I get a different flavour of error from the one you list, but there is certainly a problem there.
Opening and ending tag mismatch: td line 11 and a in Entity, line: 11

It would seem to be the fault of rewrite_href_and_src.xsl BUT is more likely linked to the recent suggested (as-yet uncommitted) problems re collapse dir-up "../" paths - which I acknowlege as an unfixed issue.

As noted by patricio.keilty
Replacing "../" breaks XHTML eating closing tags ( />)
and it looks like that's what's bitten you - as you have ../ paths next to a singleton element.
His fix however is not quite right for your (or the real) problem - which appears to be a bit too much greediness in the pattern (which was signposted as dodgy in the code :-}

My current attempted fix would be: replace the line under the warning (circa 2336)

  // collapse dir-up "../" paths. To tricky for XSL. Hope it doesn't break anything
diff -r1.51.2.7 import_html.module
2337c2337
<   $rewritten = preg_replace("|/[^\.][^/]*/\.\./|","/",$rewritten);
---
>   $rewritten = preg_replace('|/[^\.][^/\s"\'>]*/\.\./|','/',$rewritten);

That makes your sample page get through to the next stage for me.
- try that in your version - I'll check this in also. It's still not perfect, but it is a step forward.

.dan.

leeksoup’s picture

Aaargh!
It still makes no difference. It simply hangs at the point I described before and I see no further output. I have debug level set at 8, so I don't know what else to try to figure out what's happening. Any suggestions? Is it running out of some resource? (But I'm not getting any error messages.)

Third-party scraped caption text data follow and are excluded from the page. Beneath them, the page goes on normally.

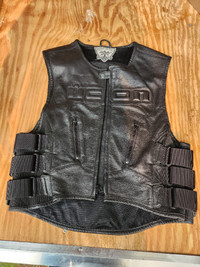 Icon Regulator Leather Motorcycle Biker Riding Vest Size L-XL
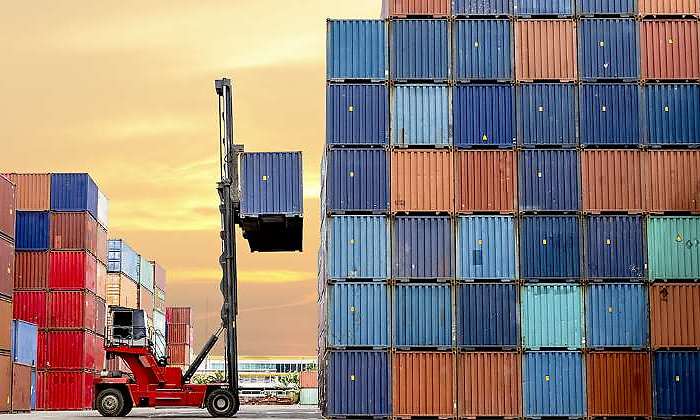 contenedores-exportacion-maquina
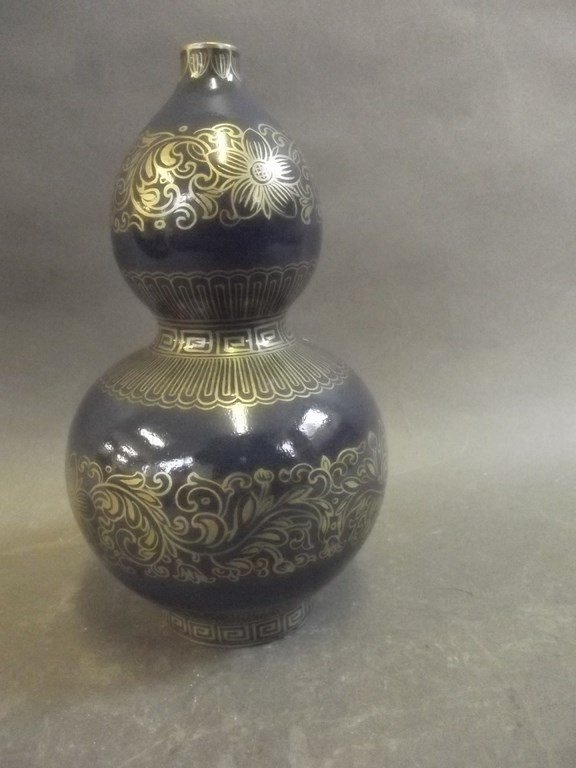 A Chinese porcelain double gourd vase with gilt (1 of 2)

The message indicates that the XML is successfully loaded in the parse_in_xml_file routine. After that message, it is supposed to return, and the very next line of code (#1708) is another debug message which is supposed to show a box with the new-and-improved code. It never does that.

Thanks for the xsl import filter! Now if I can just get it to go through, ....

Yes, I understand about the taxonomy. I'd be willing to try to code that up if I can get anything to actually go through. The taxonomy api looks pretty decent. Content Taxonomy is a no-go, btw. It just doesn't work and issues aren't being addresssed as of now.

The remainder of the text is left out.